The other half is a direct consequence of tolerating corruption. The electoral process is corrupt all the way. The deadly violence around elections is directly attached to the largely illegal rewards one gets if elected. I am not sure BBI came out strong on pointers to fighting corruption in the electoral process. Since BBI has got a window to improve the document, it is necessary to revisit the first-past-the post winner principle as well as the universal suffrage poll.

To begin with, it is very possible in this time of advanced technology to cut down on expenditure and time in the whole voting process. On a light note, I am sure if we hired robots, election outcomes will be more reliable. I like this business of robots a lot because they would replace humans in whom we have a trust deficit– and drones – again because counting votes has become such a difficult ritual, courts become the next tallying centres.

Second, to address electoral outcome contestations, BBI should consider entrusting the electoral process to teachers. Our history shows that much as an independent body like IEBC makes sense theoretically in running elections, practically, on a big stage it rarely delivers without controversies that either end up on the streets or in court.

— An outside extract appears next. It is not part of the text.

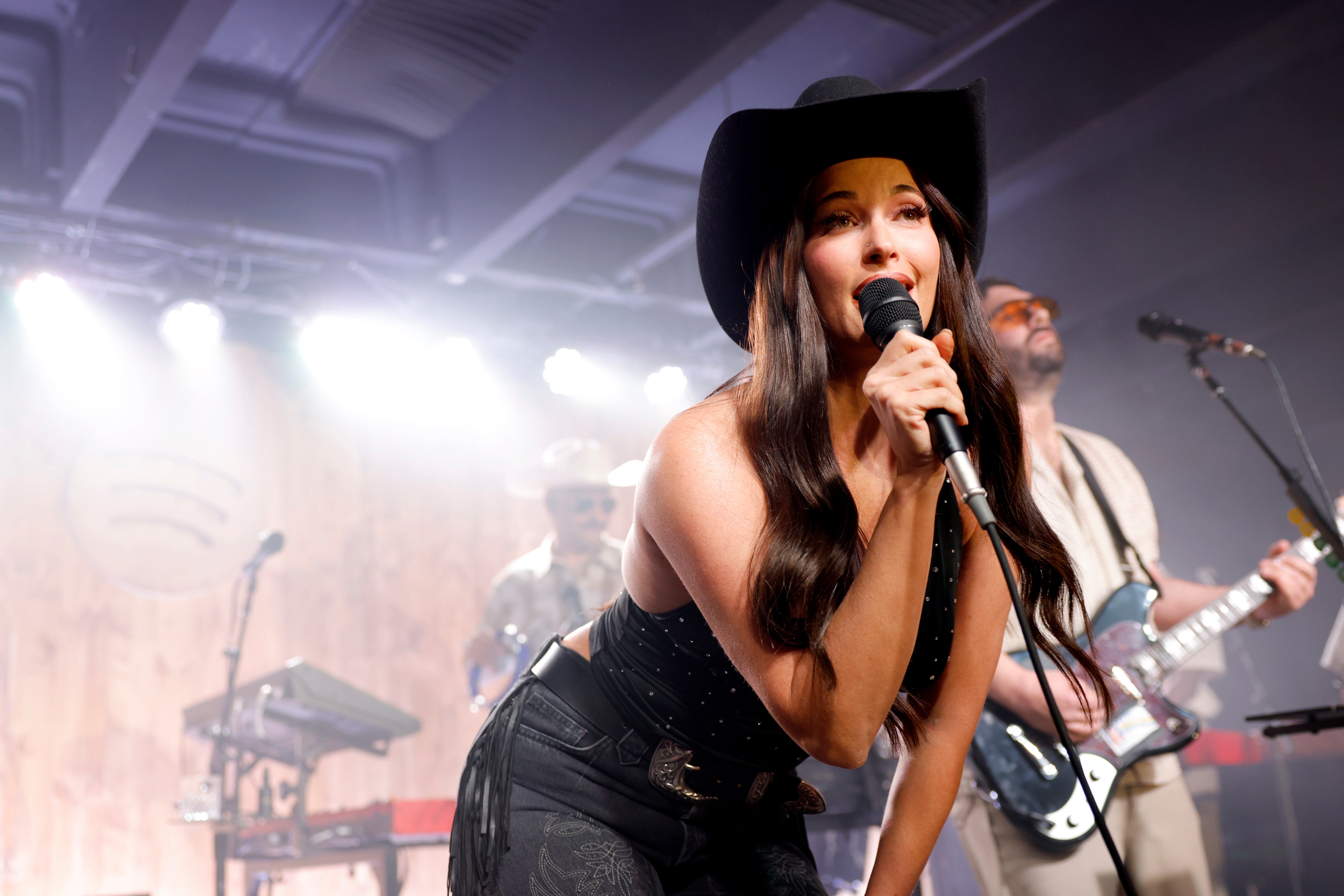 Sanger i cowboyhatt opptrer energisk på scenen, holder en mikrofon, med et band som spiller instrumenter i bakgrunnen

Whatever we think of teachers, and political as they may be; if entrusted with the task of overseeing our elections, I’m sure they will give us credible results than IEBC. We entrust our children to them for over 12 years -to mould them into responsible adults. The executive has made teachers look like perennial protesters, yet given the morale they need, teachers will bring great honour not only to the divisive electoral process, but to this country.